A brain little used is like a library that has only a few books. There is a real scarcity of information. The individual is poorly equipped to face the challenges of life. On the other hand, one who has been brought up in a criminal environment may have put wrong things in his mind and may be very shrewd in the ways that bring “success” criminally, but lacking in the qualities of honesty, mercy and love. And the person who has hate or jealousy in his heart and mind—what does he have to draw upon for guiding his actions? A person who thinks negatively all the time and who sees only the faults and mistakes of others has excluded all the good “books” from his memory “library,” and so has only “books” that feed his hate and critical attitude. Such an individual may be very clever in creating trouble, justifying himself, and so forth, but he should change and begin to develop good patterns of sincere interest in others and in the good things around him.

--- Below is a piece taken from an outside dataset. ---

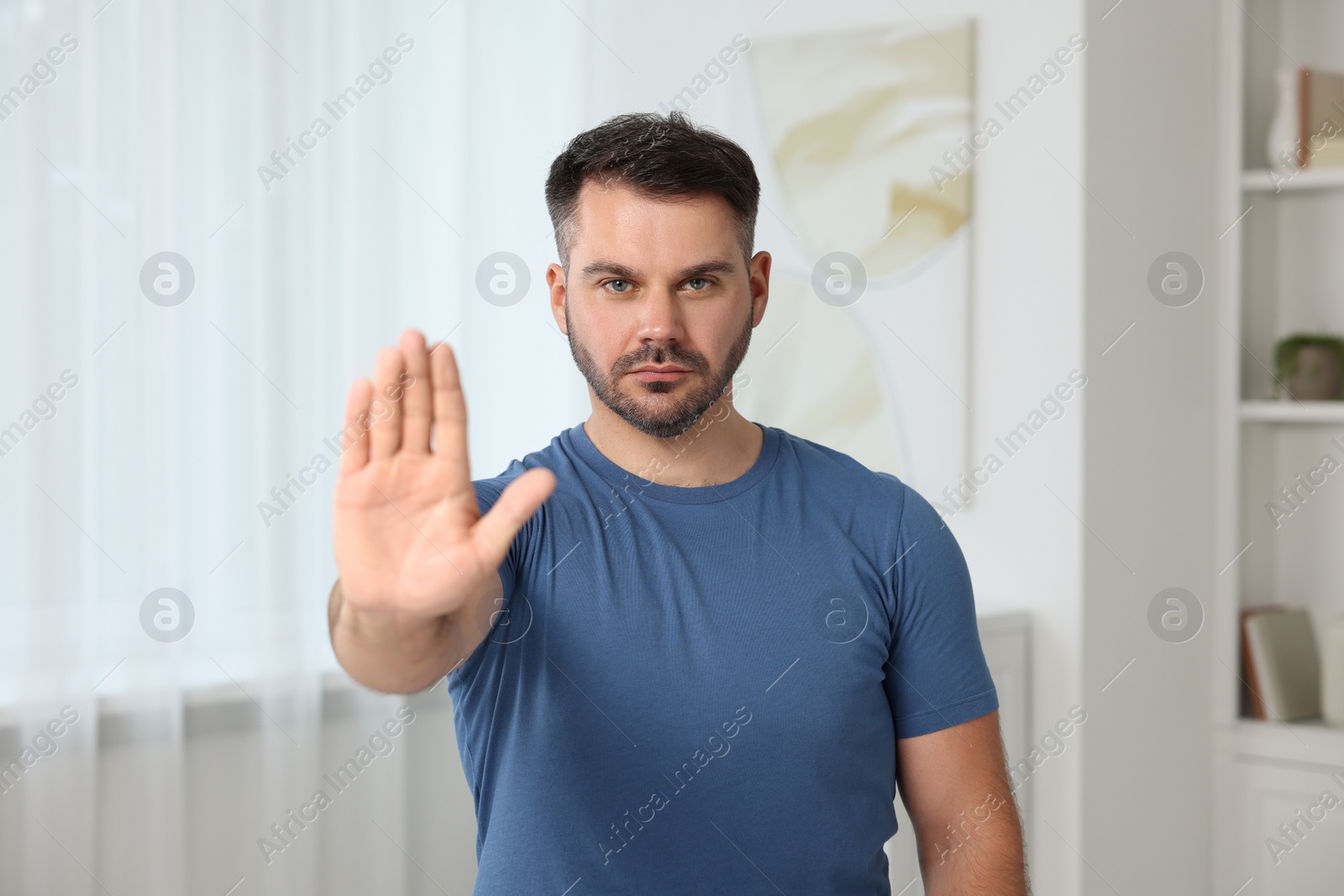 Photo of Handsome man showing stop gesture at home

All of this demonstrates the importance of using our minds on profitable things, really learning. When a person spends his time in idle pursuits, his mind is also “idling.” It is, in a sense, “wasting,” just as his time is also wasted. The Bible recommends keeping the mind on good things. (Phil. 4:8) And the apostle Peter wrote to Christians: “The time that has passed by is sufficient for you to have worked out the will of the nations when you proceeded in deeds of loose conduct, lusts, excesses with wine, revelries, drinking matches, and illegal idolatries.”—1 Pet. 4:3.
Some people will excuse themselves from mental activity with the expression, “I’m too old to learn.” This is not true. It is found that people continue learning at a high rate until their late forties and, actually, learning ability in many persons continues at a high level until the end of their lives.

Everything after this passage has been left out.